Yesterday’s exciting lunchtime meeting resulted in a little bit of paid journalism work for somebody I’m equally as excited about. I’m sure I’m mad taking on yet another commitment, but the nature of this industry is when the opportunities arise you have to take them. And sleep when you’re dead.

Today I’m going to take advantage of my little soapbox in order to ask you guys, many of whom I know are much more competent in this particular area than I, for a little bit of advice. Since I’ve moaned about it often enough, my laptop is pretty much on its last legs. Even after moving about 15gb of music that should never have been there in the first place onto an external hard drive, it takes about half an hour to load up and ready itself for use after switching it on. And as for trying to play music while surfing the net for information for an article that you’re typing up in Microsoft Word… forget it.

I don’t really have a lot of money right now, but as a journalist who often has to work from home (and I don’t even mean the freelance or “fun” stuff – whenever a new magazine is due I’m often found typing up interviews I should have done weeks before into the wee small hours) a reliable laptop is a necessity. I had wanted to treat myself to a MacBook because I’ve heard so many good things about them and, well, because they’re so gosh-darn pretty, but as I’m not some yuppie “creative” type living in an apartment in Shoreditch my parents paid for because they still haven’t given up on me maybe one day getting a real job I’ll probably have to give up on that dream. Macs are priced far too prohibitively for the demographic they pride themselves on targeting.

My problem with PCs running on Windows operating systems is the way in which the software is bundled. I don’t use Internet Explorer, much as I doubt anybody in their right mind does (I used to hate the look of Firefox, but got over it pretty quickly the first time I ran a spyware scan after switching), and as an iPod user I have no need for Media Player either. I was having a chat with David about how easily one can strip a laptop of those aspects it programming one has no need for and it sounds like far too complicated a procedure for somebody whose technical knowledge is average at best (something which also precludes me buying an “empty” laptop and loading it up with open-source software of my choosing).

Of course it’s possible to leave the unnecessary bits alone, but it feels rather untidy. And anyway, before a couple of weeks ago I was having to plough through the add/remove programmes bit of my Control Panel on a nightly basis looking for things I could get rid of in order to free up enough space to shove files onto a CD-ROM for storage. It’s taught me to be fairly economical.

Basically, this is what I’m looking for. I hope the experts out there will be able to give me some advice as to where to look and what to ask for.
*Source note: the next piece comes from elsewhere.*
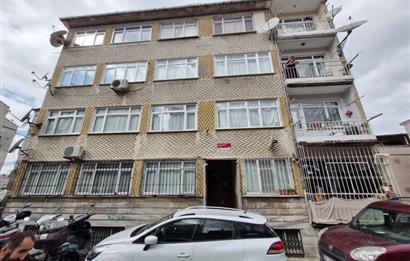 Beyoğlu 'nda sessiz ve huzurlu sokakta,ulaşıma yakın 2+1 Satılık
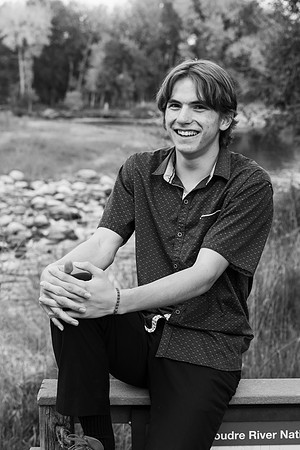 Eli b&w022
I should point out that although my budget is limited, if it turns out that a MacBook or a similarly-priced Windows-based option is the best thing for me I will work something out: I need this for my livelihood and there’s no point buying something oan the cheap I’ll need to replace in six months.

- It has to be a laptop, not a desktop computer although I know those are cheaper. It has to be something of my very own. It has to be lightweight enough that I can take it to meetings/trips (at the risk of sounding a little too girlie I’m not able to carry much weight and my current laptop is a little too heavy to go anywhere with me bar the sofa). And yes, I’d like it to be alright-looking. Not necessarily stunning, but not like a relic from Stalinist Russia either.
- I need Microsoft Word. I’m sure it’s not the best word processing programme in the world but it’s what I use at the office, and I do quite often take stuff home.
- Other programmes I use on a regular basis: iTunes (non-negotiable), Firefox (although I’d be fine using another browser which complies with web standards and doesn’t come with a big “kick me” sign on its arse), Kodak Easyshare software. I use MSN and AOL instant messengers, although not at the moment as if I get a message it crashes my laptop for ten minutes. I also use Yahoo IM to keep track of new emails.
- Speaking of which, I use web-based programmes to keep track of things like email, calendar, RSS feeds so I can easily switch between home and work computers and keep things in one place (saving bookmarks I can later use in the magazine for example) and I don’t really see that changing.
- As far as RAM/hard disk size is concerned, I’m not really bothered having “top of the range” because it’s never top of the range for long, but I would like something that will conceivably last me another four years.
- Oh, and wireless internet access. Because I’m sick of sitting hooked up to wires on the sofa while Stringer gets to blog in the bath. But I think that’s a given these days, innit?

Recommend away :)

In other news: congratulations to that old favourite band of mine on their induction into the Rock n Roll Hall of Fame, although you’ll pardon my blood running cold at the thought of Bloc Party’s producer taking on the new album. And look at the geekish treat I couldn’t hold back on buying myself! It’ll look ridiculous on me since they only had a small left, but, yeah. Damn that dollar exchange rate, and Mary for pointing it out.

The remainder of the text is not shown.